Dabei hält Frankl fest, dass die Glückssuche in hohem Maße frustrieren könne, sofern man sie als den wichtigsten Lebenszweck definiere. Viel wichtiger als das „Was?“ sei demnach das „Warum?“. Es sei also wesentlich, dieses zu erkennen und die Chancen, die sich einem böten zu nutzen. Ein wesentlicher Aspekt sei dabei, an seiner eigenen Einstellung zu arbeiten und möglichst viele positive Erfahrungen mit der Liebe, dem Glauben und positiven Werten zu machen. Denn nur, wer viel ‚erfahre‘, könne seine innere Reise erfolgreich absolvieren und den Sinn in seinem Leben finden, ihm damit Einzigartigkeit verleihen. Vorteil dabei: Wer einen Sinn fände, werde dadurch automatisch glücklicher.
Was ist wichtig für die Selbstsuche?
Um es mit Frankls eigenen Worten zu sagen: “Selbstbewertung ist der Startpunkt der Sinnsuche.”
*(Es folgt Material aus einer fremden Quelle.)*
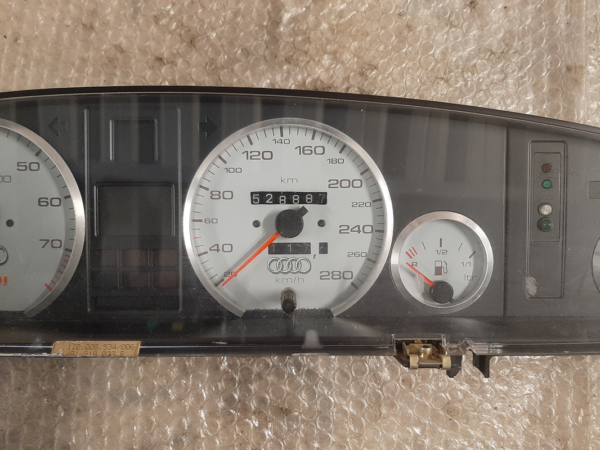 Tachoeinheit/Kombiinstrument - Audi 100 C4 – Bild 3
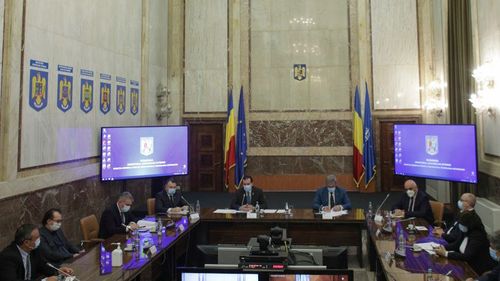 SURSE: Comitetul Național pentru Situații de Urgență discută în această seară restricții în campania electorală, la nunți și botezuri, procesiuni religioase, evenimente culturale și sportive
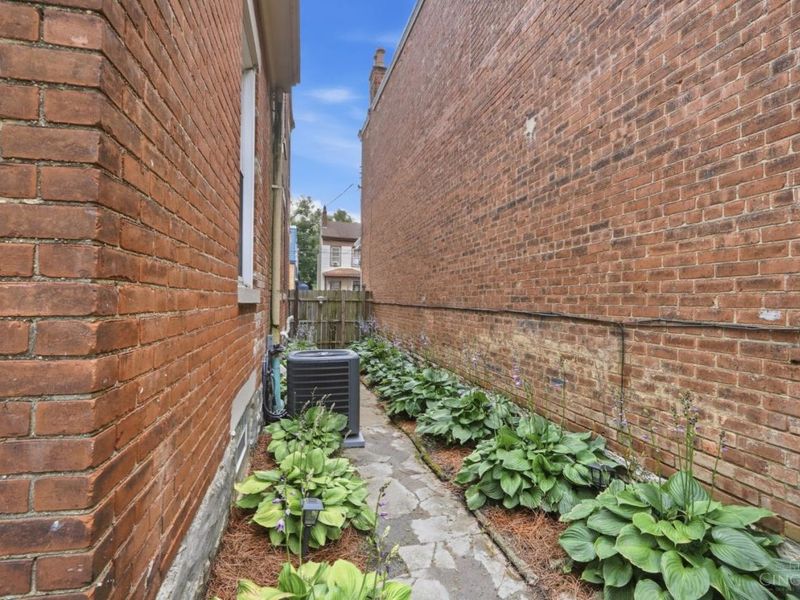4113 Kirby Avenue, Cincinnati, OH 45223 Photo 33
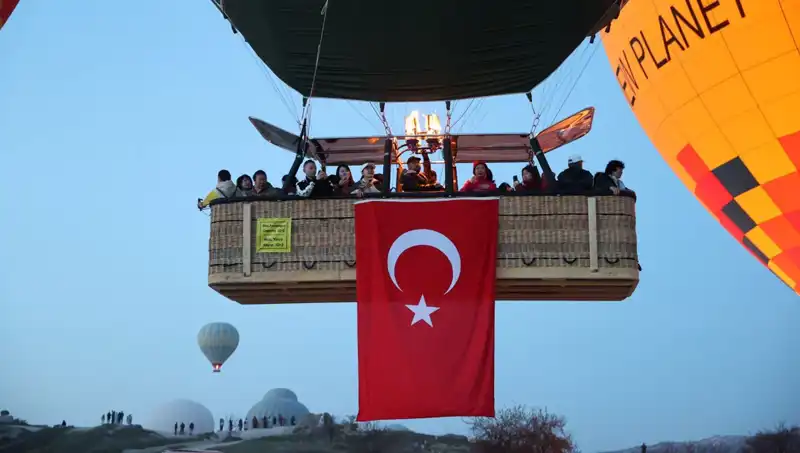 Kapadokya'da 23 Nisan Coşkusu: Balonlar Türk Bayraklarıyla Gökyüzünü Süslüyor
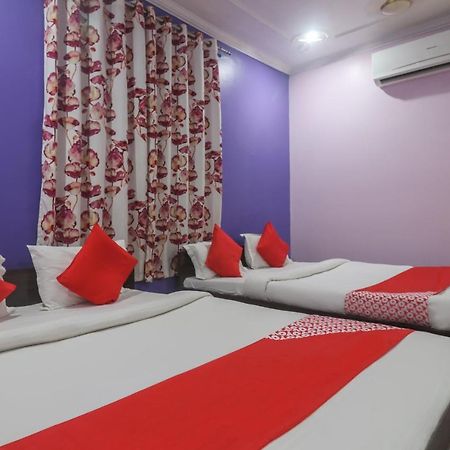 Oyo 60651 Hotel Arya Bénarès Extérieur photo
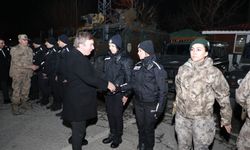 Erzincan Valisi Hamza Aydoğdu, Gençlerle Birlikte Güvenlik Güçlerine Moral ve Tatlı İkramda Bulundu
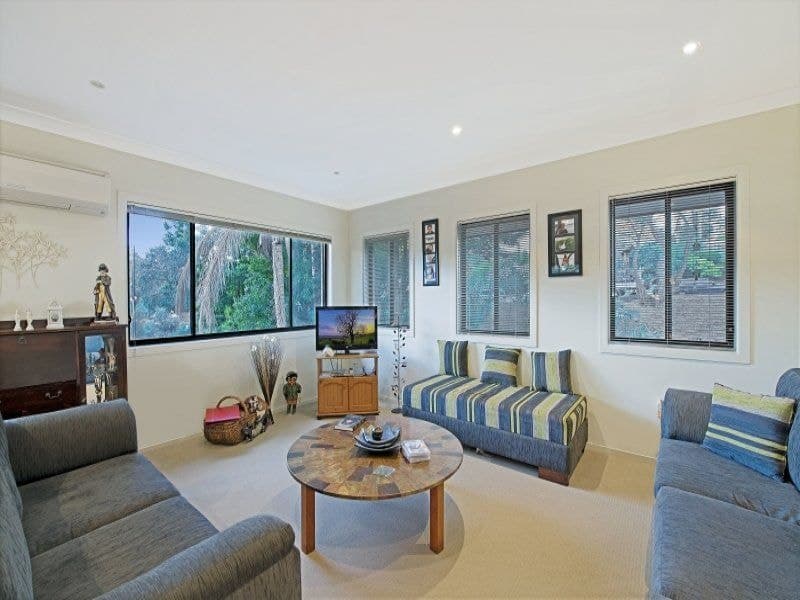 16 Julian Road KINCUMBER NSW, Kincumber - Thumbnail 3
Damit diese gelinge, müsse sich der Mensch zunächst einmal frei fühlen, so zu werden wie und was er wirklich sein wolle. Dabei sei zu beachten, dass körperliche Grenzen mithilfe der richtigen Einstellung häufig überwunden werden könnten. Um dies zu erreichen, gibt Frankl einige Tipps, die auch in der heutigen Zeit nichts von ihrer Aktualität eingebüßt haben:
- Hoffnungsvoll und optimistisch an die Bewältigung einer Situation herangehen.
- Sich selbst und seine eigene Einstellung zu einer Herausforderung überdenken, wenn die Situation an sich nicht variierbar ist.
- Wissen, warum man etwas macht – oder es lernen.
- Tränen zulassen und diese nicht als negatives Zeichen von Schwäche, sondern positiv als Mut zum Leiden begreifen.
- Gefühlvoll sein.
- Freundlich zu sich selbst und anderen zu sein.
- Nicht nur an sich selbst denken, sondern sich im Tun einer Sache oder im Tun für eine andere Person aufgehen.
- Einzigartig und individuell sein, da die Masse eben doch nicht immer Recht hat.
- Mitgefühl mit anderen zu haben und
- Und, ganz wesentlich: Selbst unter erschwerten Umständen an sich selbst und seine Wandelfähigkeit glauben.
Das Buch vom Viktor Frankl ist empfehlenswert: Trotzdem Ja zum Leben sagen.